North Dakota Bill for a Blanket Primary

On January 10, two North Dakota Representatives, Corey Mock and Lee Kaldor, introduced HB 1299, to provide for a blanket primary. North Dakota now has open primaries. Currently, any voter is free to vote in any party’s primary ballot (and the choice of which party’s primary ballot is made in secret), but the voter must confine voting to the primary ballot of only one party.

The bill would change that, so that any voter could vote for any candidate in any party’s primary. This is the system that California used in 1998 and 2000, and for all special elections 1967 until 2010. It is also the system used by Washington state from 1934 until 2006, and it is the system used currently in Alaska (except that Republican candidates do not appear on the Alaska blanket primary ballot). Blanket primaries are not intrinsically unconstitutional, but they are unconstitutional as applied to any political party that doesn’t desire that kind of primary. They do not limit choices on the November ballot.

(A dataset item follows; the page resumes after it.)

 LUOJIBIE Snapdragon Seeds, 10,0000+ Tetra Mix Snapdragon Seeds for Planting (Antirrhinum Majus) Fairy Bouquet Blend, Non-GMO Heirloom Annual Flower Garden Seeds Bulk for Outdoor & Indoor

The authors are both Democrats. They say they are sympathetic to the pending lawsuit filed by the Libertarian Party against the law that says no one may be nominated for the legislature unless he or she receives approximately 130 votes in the primary. Not enough voters choose to vote in a minor party’s primary to make this goal reasonable. No minor party candidate for the legislature has managed to qualify since 1976. Of course, another solution would be to eliminate the minimum vote test. No other state has a minimum vote test for candidates whose names are printed on partisan primary ballots.


Comments

North Dakota Bill for a Blanket Primary — No Comments

  1. I know there is alot of good arguments against open primaries of any type. But I say as long as one dollar of taxpayers money pays for any primary – closed or open – the voters regardless of their political party affiliation or the lack of it – should have the right to vote in any party primary of their choice.

    For those political parties – major and 3rd parties – who want closed primaries, then pay for them with your party money – and not my tax dollars.

    What’s fair is fair!

  2. P.R. and App.V. = NO primaries are needed — even in super frozen ND with voters miles and miles apart.

  3. Richard: This is a little off the subject of this post, but in 1892 when the Democrats and Populists fused, Thomas E.Watson as the Populist half of the Bryan-Watson of the ticket received 217,000 votes in seventeen states, and twenty-seven electoral votes.

    In what states did he receive these votes? Where can I find the number of popular votes cast for Bryan-Sewell and number of popular votes cast for Bryan-Watson in those 17 states?

  4. Pingback: Ballot Access News » Blog Archive » North Dakota Bill for a … | North Dakota News

  5. # 3 Perhaps do a google search — wiki for the 1892 Prez gerrymander election.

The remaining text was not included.